I’ve heard before that if you see a title ending in a question mark, the answer is most likely going to be “no”.
Unfortunately, I’m not going to breaking any traditions here.
Background: AWS announced today that they have added support for EC2 backups now in their backup service. The AWS backup service now has backup options for Amazon EBS volumes, Amazon Relational Database Service (RDS) databases, Amazon DynamoDB tables, Amazon Elastic File System(EFS), Amazon EC2 instances and AWS Storage Gateway volumes.
But if you’re expecting this to be like the backup/recovery solutions you’ve run on-prem, you’re in for a rude awakening. It’s not. This has the scent of a minimally-viable product, which I’m sure they’ll build on and make compelling one day, but that day isn’t today.
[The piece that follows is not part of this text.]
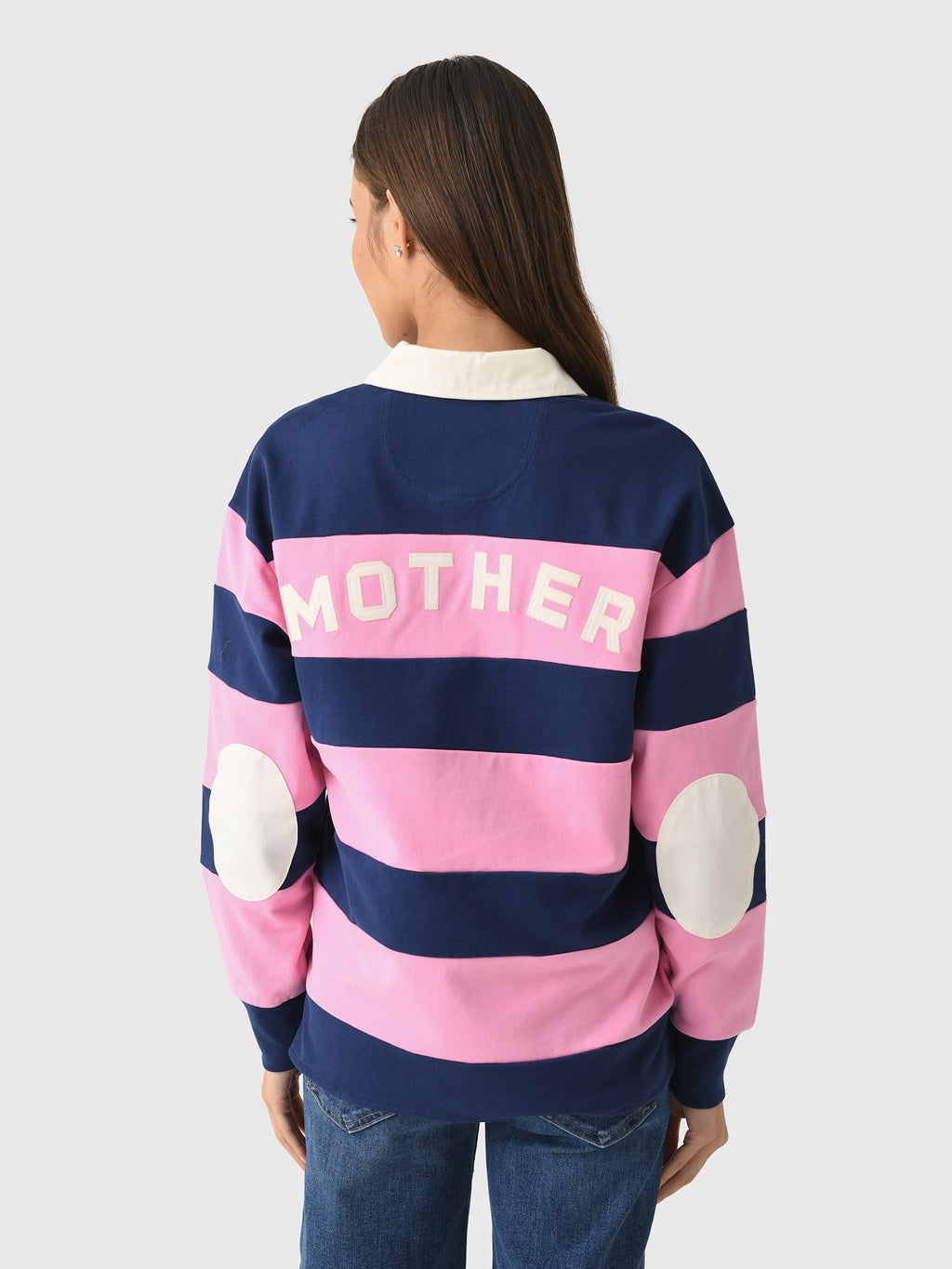 Mother Women's The Piece Huddle Shirt - Saint Bernard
It’s VERY important that you read the fine print on how the backups occur on the different services covered, and more importantly how you restore, and at what granularity you’re restoring.
First- from a fundamental architectural perspective- backups are called “recovery points”. That’s an important distinction. We’ve seen the recovery point term co-habitate with “snapshot”. In fact, EBS “backups” are just that- snapshots.
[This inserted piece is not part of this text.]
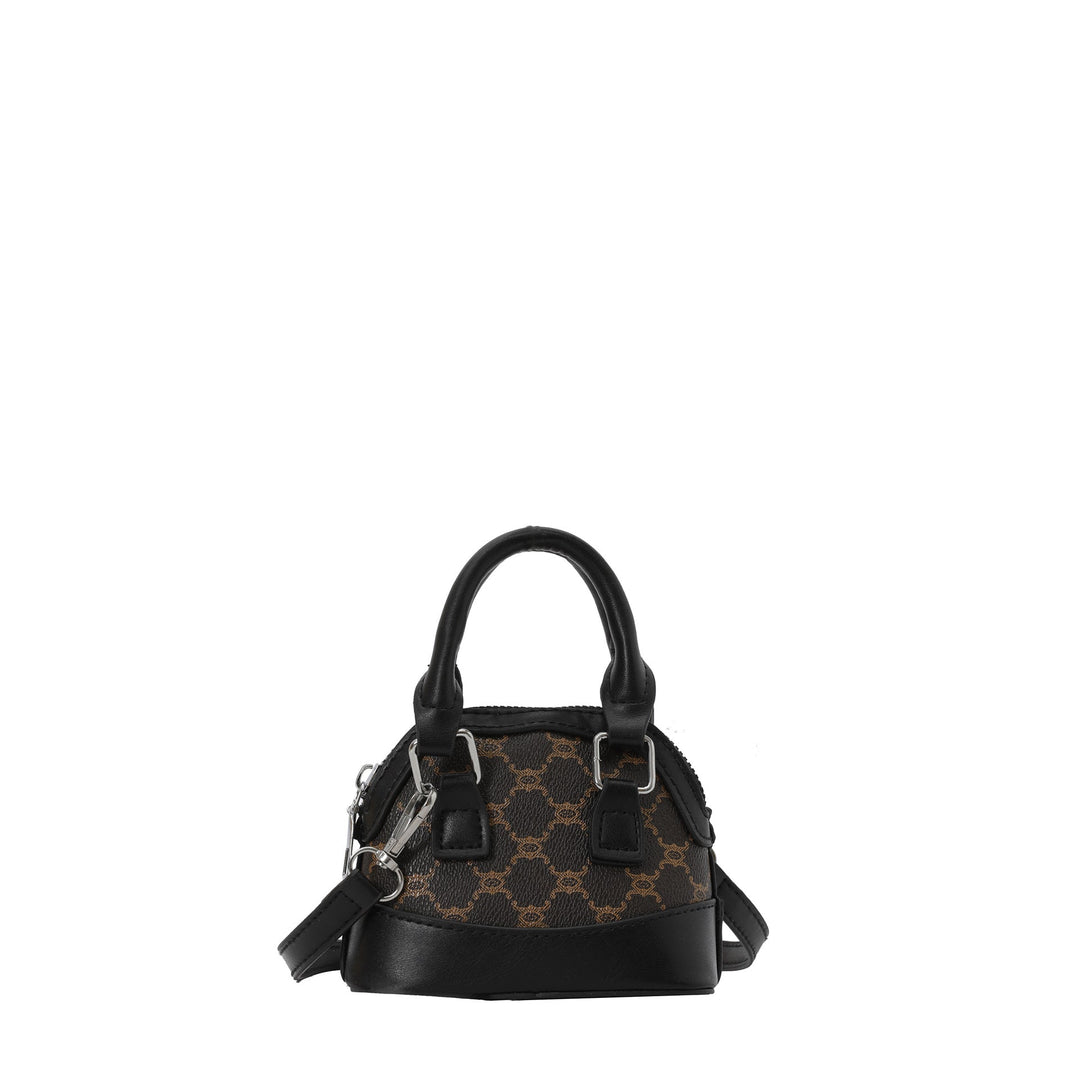 Ladies Designer Mini Handbag with Structured Upper Material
So for EC2 and EBS-related backups (oops, “Recovery Points”), you’re simply restoring a snapshot into a NEW resource. Want to restore a single file or directory in an EC2 instance or in a filesystem on your EBS volume? Nope. All or nothing. Or, you’ll restore from the RP into a new resource, and copy the needed data back into your live instance. I’m sorry, that’s just not up to today’s expectations in backup and recovery.
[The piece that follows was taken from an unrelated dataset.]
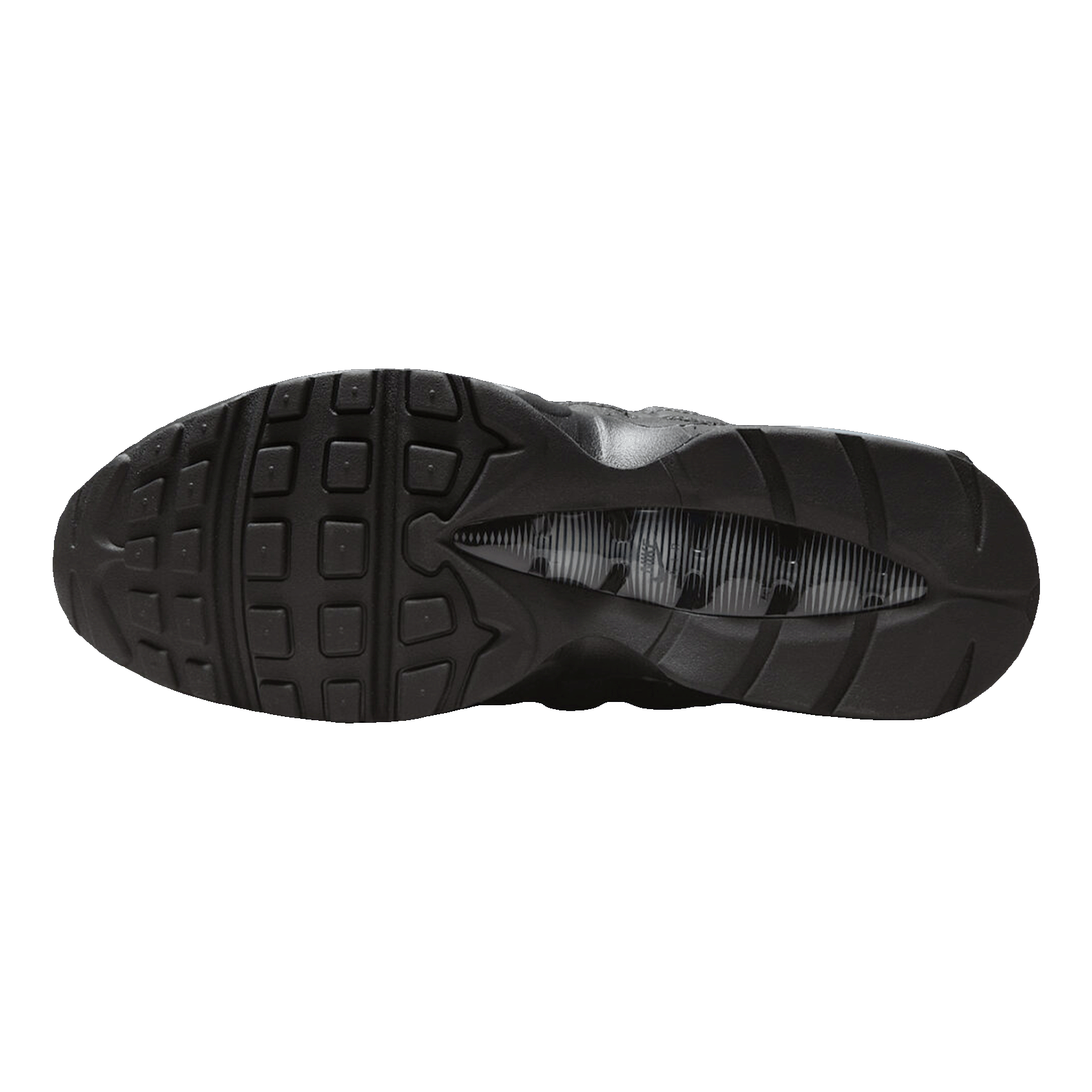 Nike Air Max 95 OG Big Bubble Black Anthracite Sohle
What about EFS? Well, glad you asked. This is NOT a snapshot. There is ZERO CONSISTENCY in the “recovery point” for EFS, as the backup in this case doesn’t snapshot- it iterates through the files, and if you change a file DURING a backup, there is a 100% chance that your “recovery point” won’t be a “point” at all- so you could break dependencies in your data. Yet they still call the copy of this data a “restore point”. Give them props for doing incremental forever here, but most file backup solutions (when paired with enterprise NAS systems or even just Windows) know how to stun the filesystem and stream their backups from the stunned version, rather than the volatile “live” filesystem. Also, if you want to do a partial recovery, you cannot do it in-place- it goes to a new directory located at the root of your EFS.
The BIGGEST piece missing from the AWS Backup Service is something we’ve learned to take for granted from B/R solutions: CATALOG. You need to know what you want to restore AND where to find it in order to recover it. With EFS, this can get REALLY dicey. It’s really easy to choose the wrong data, perhaps it’s a good thing they don’t allow you to restore in place yet!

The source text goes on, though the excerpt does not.